▶ _DATA SECTION_
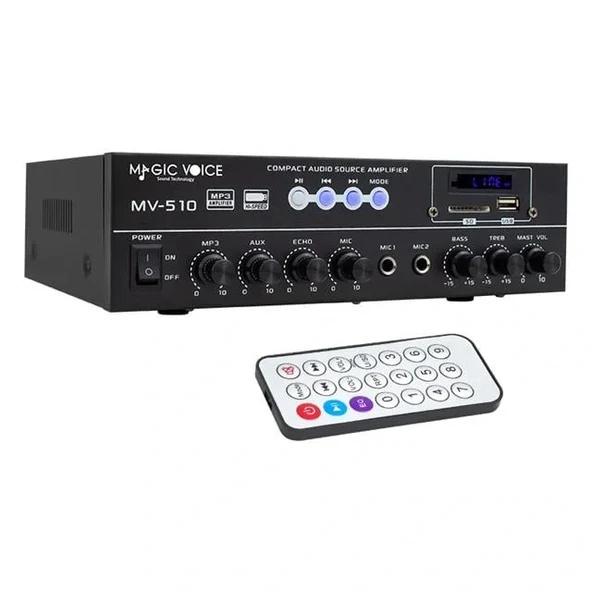 Magicvoice Mv-510 50 Watt Usb-sd-bluetooth Girişli Hat Trafolu Ses Mixer ürün görseli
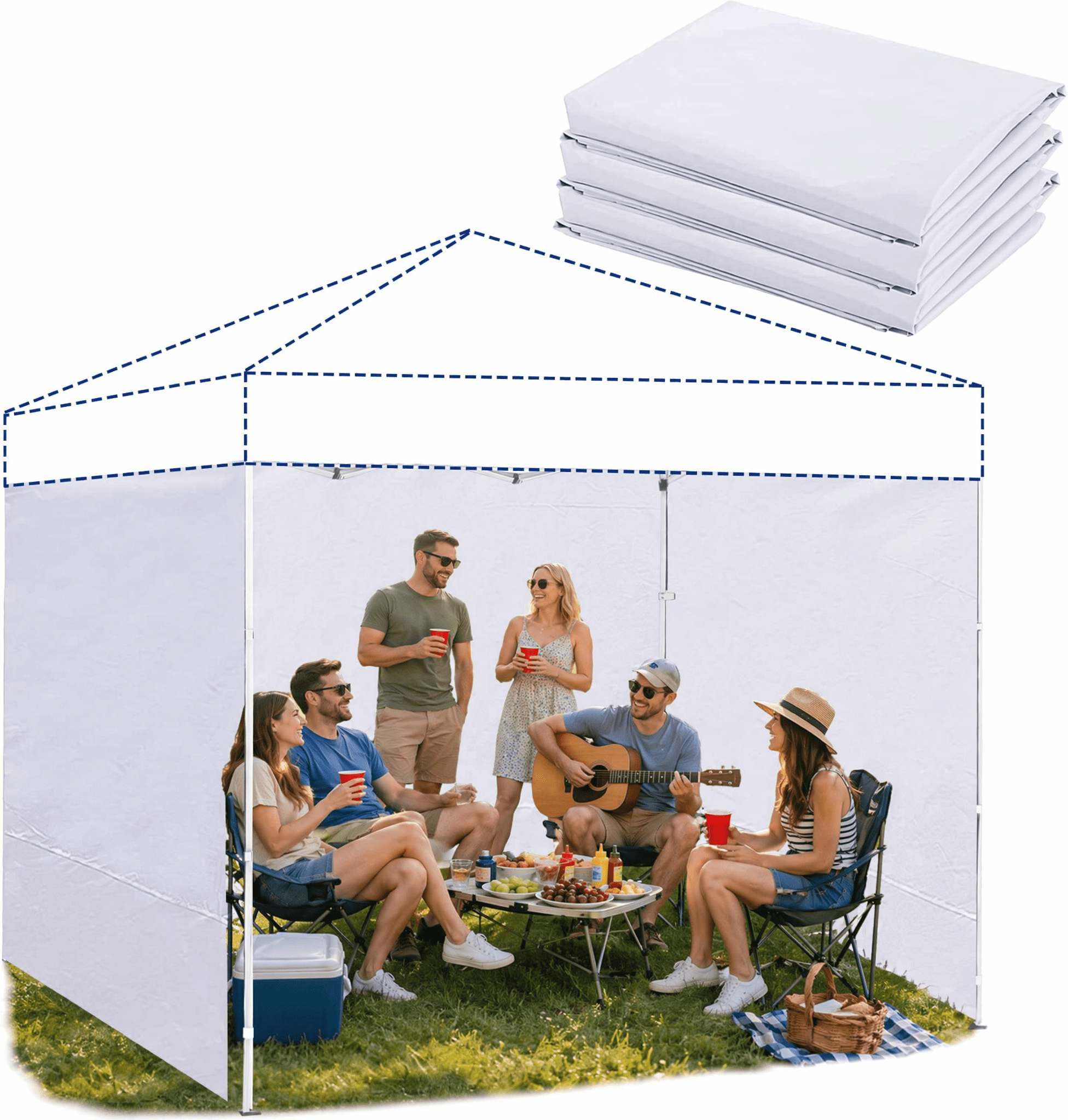 10x10 Pop Up Canopy Sidewalls - 3 Pack Waterproof Tent Walls with 99% ...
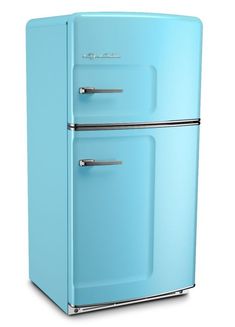 an old fashioned green refrigerator on a white background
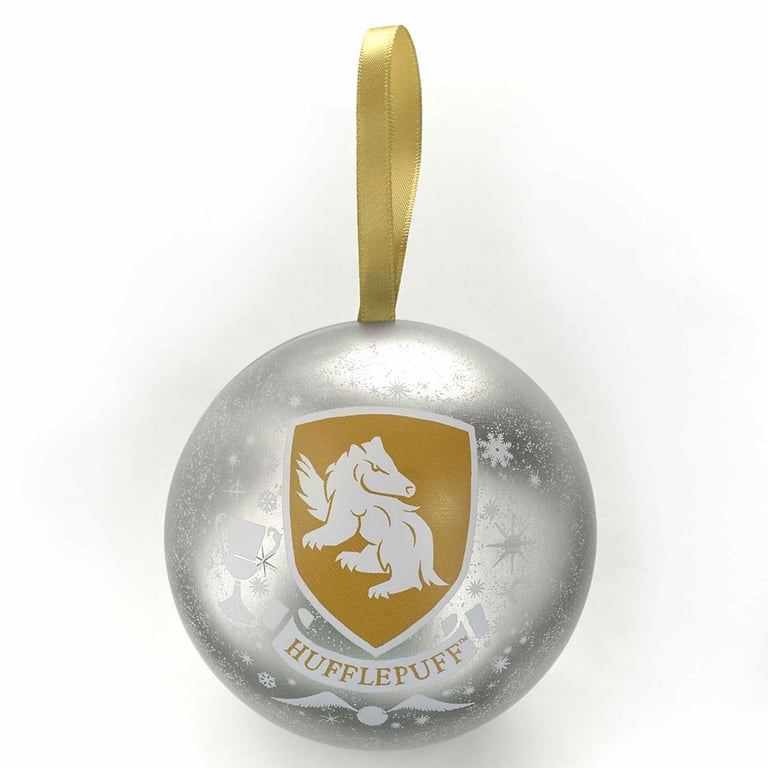 Hufflepuff House Christmas Bauble Decoration with Necklace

▶ _WHAT TO WORK ON_
Word for word, reproduce each line from the one with "10x10 Pop Up" through the last line of the material above, both included, and drop the pictures.

▶ _RESPONSE FOR THIS EXERCISE_
 10x10 Pop Up Canopy Sidewalls - 3 Pack Waterproof Tent Walls with 99% ...
 an old fashioned green refrigerator on a white background
 Hufflepuff House Christmas Bauble Decoration with Necklace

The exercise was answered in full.